From the listing below, copy only the lines running from the line that contains "Nhà Mặt Phố Lê" to the line that contains "Mẫu phù điêu nhập khẩu OZ-J011", both included.

──────

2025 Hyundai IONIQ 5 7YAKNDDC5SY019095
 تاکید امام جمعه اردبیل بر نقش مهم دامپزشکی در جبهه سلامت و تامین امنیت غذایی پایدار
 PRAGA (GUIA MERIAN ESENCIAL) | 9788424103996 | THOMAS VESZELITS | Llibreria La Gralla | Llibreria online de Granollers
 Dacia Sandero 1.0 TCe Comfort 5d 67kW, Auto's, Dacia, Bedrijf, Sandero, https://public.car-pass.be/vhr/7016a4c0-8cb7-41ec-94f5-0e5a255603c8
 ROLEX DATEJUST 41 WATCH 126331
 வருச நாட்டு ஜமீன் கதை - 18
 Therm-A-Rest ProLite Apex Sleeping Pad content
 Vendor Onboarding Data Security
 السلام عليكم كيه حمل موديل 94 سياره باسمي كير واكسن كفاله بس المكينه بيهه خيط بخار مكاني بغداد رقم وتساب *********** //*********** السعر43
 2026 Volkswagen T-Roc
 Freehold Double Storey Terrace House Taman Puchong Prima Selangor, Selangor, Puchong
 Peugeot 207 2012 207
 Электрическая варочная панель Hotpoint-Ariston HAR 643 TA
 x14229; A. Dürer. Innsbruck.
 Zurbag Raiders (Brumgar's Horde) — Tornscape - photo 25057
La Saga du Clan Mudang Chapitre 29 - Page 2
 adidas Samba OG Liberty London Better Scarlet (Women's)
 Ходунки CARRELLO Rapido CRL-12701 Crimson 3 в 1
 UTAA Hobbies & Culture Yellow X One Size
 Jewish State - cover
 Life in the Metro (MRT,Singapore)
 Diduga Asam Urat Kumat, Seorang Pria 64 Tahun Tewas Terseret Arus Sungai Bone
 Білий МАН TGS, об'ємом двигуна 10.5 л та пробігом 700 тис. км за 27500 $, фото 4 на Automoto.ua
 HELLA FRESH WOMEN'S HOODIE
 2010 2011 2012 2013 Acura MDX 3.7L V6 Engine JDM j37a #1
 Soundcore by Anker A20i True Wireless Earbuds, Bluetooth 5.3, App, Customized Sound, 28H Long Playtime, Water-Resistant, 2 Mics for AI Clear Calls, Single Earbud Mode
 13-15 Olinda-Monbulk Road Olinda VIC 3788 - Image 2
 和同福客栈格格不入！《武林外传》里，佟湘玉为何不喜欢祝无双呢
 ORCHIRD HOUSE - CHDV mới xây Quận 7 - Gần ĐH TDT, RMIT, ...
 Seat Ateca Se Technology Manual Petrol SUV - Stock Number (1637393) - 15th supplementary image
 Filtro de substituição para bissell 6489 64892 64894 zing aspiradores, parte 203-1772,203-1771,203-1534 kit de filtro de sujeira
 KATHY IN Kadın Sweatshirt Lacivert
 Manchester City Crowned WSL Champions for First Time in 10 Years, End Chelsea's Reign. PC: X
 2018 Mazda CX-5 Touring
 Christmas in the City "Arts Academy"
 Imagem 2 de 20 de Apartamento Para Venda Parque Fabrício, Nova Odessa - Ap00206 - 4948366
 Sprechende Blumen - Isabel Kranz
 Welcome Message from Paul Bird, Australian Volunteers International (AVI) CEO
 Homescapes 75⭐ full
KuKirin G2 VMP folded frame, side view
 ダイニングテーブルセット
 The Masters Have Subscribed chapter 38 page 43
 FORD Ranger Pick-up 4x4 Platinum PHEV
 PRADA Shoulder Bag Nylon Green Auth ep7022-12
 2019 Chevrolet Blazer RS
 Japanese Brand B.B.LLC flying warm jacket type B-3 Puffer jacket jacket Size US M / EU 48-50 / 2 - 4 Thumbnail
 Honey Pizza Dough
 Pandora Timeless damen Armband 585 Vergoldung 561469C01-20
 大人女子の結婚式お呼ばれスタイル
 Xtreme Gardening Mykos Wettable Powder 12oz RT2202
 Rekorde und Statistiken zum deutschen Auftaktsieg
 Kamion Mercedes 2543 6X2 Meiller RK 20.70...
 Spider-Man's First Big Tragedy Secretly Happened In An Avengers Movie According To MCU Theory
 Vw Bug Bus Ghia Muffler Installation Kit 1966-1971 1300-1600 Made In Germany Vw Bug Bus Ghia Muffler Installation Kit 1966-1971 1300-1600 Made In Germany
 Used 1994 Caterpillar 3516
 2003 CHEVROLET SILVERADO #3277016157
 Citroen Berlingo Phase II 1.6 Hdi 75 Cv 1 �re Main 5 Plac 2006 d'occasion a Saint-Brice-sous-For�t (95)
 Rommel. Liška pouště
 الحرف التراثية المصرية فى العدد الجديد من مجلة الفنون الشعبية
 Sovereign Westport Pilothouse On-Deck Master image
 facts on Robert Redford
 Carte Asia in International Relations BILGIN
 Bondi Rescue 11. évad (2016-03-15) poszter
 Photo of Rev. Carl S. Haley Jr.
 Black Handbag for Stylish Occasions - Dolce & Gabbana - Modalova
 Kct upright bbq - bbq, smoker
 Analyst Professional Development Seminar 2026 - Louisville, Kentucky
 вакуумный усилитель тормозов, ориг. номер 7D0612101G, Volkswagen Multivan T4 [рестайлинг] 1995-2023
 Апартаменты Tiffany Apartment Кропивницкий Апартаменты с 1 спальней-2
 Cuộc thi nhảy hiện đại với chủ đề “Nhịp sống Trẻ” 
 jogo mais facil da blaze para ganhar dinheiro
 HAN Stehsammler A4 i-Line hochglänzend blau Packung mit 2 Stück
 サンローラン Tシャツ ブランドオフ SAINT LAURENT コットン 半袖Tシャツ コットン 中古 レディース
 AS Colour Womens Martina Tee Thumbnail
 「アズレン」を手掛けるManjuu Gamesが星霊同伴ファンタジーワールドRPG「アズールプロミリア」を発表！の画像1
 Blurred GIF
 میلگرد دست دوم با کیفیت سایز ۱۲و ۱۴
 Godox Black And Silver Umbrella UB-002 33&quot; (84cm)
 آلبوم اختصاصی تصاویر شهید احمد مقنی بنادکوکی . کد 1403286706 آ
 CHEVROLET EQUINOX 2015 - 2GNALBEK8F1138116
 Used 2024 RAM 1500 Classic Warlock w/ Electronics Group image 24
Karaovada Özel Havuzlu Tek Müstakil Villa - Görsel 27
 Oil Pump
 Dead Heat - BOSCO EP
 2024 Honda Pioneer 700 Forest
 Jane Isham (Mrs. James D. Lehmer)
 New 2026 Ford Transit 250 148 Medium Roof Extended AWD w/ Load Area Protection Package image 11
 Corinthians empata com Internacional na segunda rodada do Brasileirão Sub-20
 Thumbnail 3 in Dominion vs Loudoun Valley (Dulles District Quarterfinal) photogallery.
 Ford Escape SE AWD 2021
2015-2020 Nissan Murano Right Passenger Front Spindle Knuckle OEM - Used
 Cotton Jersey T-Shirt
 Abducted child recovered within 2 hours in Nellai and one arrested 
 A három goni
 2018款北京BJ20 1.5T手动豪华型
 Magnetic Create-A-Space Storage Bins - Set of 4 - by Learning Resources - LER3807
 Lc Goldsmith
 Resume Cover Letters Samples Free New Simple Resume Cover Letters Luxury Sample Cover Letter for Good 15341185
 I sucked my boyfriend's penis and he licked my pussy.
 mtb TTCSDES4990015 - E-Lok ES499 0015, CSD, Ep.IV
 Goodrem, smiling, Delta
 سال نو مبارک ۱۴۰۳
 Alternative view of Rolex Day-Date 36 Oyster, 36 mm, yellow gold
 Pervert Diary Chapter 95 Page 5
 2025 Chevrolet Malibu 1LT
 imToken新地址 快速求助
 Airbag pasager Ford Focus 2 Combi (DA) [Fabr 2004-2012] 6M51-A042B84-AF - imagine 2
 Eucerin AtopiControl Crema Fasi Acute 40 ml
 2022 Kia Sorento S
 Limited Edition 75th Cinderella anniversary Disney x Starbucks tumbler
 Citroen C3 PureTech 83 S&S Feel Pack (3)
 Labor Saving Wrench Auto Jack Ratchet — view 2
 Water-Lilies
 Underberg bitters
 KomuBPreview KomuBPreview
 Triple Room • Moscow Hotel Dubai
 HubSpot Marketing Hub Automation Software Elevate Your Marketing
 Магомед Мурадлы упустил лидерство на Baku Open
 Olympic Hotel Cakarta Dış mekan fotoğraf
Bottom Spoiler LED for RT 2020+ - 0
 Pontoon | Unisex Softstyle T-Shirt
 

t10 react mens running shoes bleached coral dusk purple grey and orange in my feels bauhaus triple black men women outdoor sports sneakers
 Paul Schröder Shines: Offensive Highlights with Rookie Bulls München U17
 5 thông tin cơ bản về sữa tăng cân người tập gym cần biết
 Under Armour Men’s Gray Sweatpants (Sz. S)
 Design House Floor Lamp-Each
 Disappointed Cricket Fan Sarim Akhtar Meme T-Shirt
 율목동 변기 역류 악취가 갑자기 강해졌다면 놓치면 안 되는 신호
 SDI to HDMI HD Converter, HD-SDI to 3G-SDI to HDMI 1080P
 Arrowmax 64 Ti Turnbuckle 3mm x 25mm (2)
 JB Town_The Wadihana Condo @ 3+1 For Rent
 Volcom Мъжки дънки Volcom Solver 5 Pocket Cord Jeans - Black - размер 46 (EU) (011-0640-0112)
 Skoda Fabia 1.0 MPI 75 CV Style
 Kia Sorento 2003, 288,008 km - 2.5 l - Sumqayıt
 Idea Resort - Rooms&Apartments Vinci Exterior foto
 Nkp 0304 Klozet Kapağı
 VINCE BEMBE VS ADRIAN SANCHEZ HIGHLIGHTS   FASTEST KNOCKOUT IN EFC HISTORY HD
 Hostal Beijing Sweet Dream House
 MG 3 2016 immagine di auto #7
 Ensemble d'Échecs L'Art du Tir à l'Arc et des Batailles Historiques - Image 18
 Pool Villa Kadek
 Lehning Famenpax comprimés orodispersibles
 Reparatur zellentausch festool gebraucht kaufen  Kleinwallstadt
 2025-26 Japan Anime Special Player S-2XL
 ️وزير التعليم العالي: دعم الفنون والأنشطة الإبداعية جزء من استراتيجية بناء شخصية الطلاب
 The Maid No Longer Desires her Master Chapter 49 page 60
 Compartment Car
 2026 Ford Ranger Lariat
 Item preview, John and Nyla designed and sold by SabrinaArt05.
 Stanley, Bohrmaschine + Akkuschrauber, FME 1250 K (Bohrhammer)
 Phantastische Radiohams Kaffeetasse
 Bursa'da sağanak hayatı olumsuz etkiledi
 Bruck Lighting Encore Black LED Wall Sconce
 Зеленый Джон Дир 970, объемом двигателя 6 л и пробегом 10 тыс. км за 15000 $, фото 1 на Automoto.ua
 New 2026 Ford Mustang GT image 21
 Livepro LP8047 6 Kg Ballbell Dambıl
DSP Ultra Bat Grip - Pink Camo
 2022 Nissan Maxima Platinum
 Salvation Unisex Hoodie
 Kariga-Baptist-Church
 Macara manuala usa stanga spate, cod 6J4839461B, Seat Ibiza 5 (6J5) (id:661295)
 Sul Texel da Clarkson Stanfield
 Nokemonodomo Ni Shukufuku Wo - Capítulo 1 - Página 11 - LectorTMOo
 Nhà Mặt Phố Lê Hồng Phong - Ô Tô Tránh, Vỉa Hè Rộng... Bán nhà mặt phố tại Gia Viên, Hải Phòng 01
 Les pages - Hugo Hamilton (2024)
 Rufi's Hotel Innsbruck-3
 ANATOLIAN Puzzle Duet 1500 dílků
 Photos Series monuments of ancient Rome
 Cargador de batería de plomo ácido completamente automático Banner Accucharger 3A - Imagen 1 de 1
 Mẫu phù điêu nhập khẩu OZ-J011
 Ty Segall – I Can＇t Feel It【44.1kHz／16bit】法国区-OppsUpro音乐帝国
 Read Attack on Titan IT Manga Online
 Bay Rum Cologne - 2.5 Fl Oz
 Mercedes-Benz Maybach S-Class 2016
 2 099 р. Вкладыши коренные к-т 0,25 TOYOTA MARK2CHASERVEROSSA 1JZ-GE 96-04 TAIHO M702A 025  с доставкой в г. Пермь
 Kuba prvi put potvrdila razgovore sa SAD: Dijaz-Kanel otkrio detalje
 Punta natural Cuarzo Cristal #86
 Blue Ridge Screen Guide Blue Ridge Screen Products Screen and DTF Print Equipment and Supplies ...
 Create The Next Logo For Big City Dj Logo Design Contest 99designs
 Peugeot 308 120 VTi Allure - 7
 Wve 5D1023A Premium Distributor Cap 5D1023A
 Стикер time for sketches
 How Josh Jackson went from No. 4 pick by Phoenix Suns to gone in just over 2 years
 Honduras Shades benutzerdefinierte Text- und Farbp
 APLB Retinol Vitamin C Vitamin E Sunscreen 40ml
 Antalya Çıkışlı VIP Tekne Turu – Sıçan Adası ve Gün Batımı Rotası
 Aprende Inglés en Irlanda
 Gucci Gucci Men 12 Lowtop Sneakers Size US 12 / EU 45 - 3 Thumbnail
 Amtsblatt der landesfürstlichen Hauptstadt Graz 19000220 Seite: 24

──────

● Exercise solution
 Nhà Mặt Phố Lê Hồng Phong - Ô Tô Tránh, Vỉa Hè Rộng... Bán nhà mặt phố tại Gia Viên, Hải Phòng 01
 Les pages - Hugo Hamilton (2024)
 Rufi's Hotel Innsbruck-3
 ANATOLIAN Puzzle Duet 1500 dílků
 Photos Series monuments of ancient Rome
 Cargador de batería de plomo ácido completamente automático Banner Accucharger 3A - Imagen 1 de 1
 Mẫu phù điêu nhập khẩu OZ-J011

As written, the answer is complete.